The solution to Hrdy's concern lay in her own work. In her study
of the langurs of Abu, in Rajasthan, Hrdy had discovered a grisly
fact; the murder of baby monkeys by adult male monkeys was routine.
Every time a male takes over a troop of females, he kills all the
infants in the group. Exactly the same phenomenon had been
discovered in lions and is common in rodents, carnivores and
primates. Even our closest relatives, the chimpanzees, are guilty.
Infanticide, said Hrdy and her colleagues, was an "adaptation"--an
evolved strategy. By killing their stepchildren, the males would
halt the females' milk production and so bring forward the date on
which the mother could conceive again. Hrdy suggested that female
promiscuity in monkeys and apes can be explained by the need to
share paternity among many males to prevent infanticide. But does it
apply to humanity?
The short answer is no. It is a fact that stepchildren are 65
times more likely to die than children living with their true
parents, and it is inescapable that young children often have a
terror of new stepfathers that is hard to overcome. But neither of
these facts is of much relevance, for both apply to older children,
not to suckling infants. Their deaths do not free the mother to
breed again.
Moreover, the fact that we are apes can be misleading. Our sex
lives are very different from those of our cousins. Compared to our
ape cousins, we, the commonest of the great apes, have pulled off a
surprising trick. We have somehow reinvented monogamy and paternal
care without losing the habit of living in large multi-male groups.

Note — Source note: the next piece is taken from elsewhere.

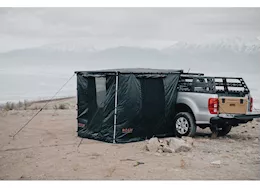 Roam Adventure CO Awning, standard room 6.5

Like gibbons, men marry women singly and help them to rear their
young, confident of paternity, but, like chimpanzees, those women
live in societies where they have continual contact with other men.
There is no parallel for this among apes. However, there is a close
parallel among birds. Many birds live in colonies, but mate
monogamously within the colony. And the bird parallel brings an
altogether different explanation for females to be interested in
sexual variety.
A female human being does not have to share her sexual favours
with many males to prevent infanticide, but she may have a good
reason to share them with one well-chosen male apart from her
husband. This is because her husband is, almost by definition,
usually not the best male there is---else how would he have ended up
married to her? His value is that he is monogamous and will not
divide his child-rearing effort among several families. But why
accept his genes? Why not have his parental care and another's
genes?
In the 1980s, it became possible for the first time to do genetic
blood-testing of birds, and an enormous surprise was in store for
zoologists. They discovered that many of the baby birds in the
average nest were not their ostensible fathers' sons. Male birds
were cuckolding each other at a tremendous rate.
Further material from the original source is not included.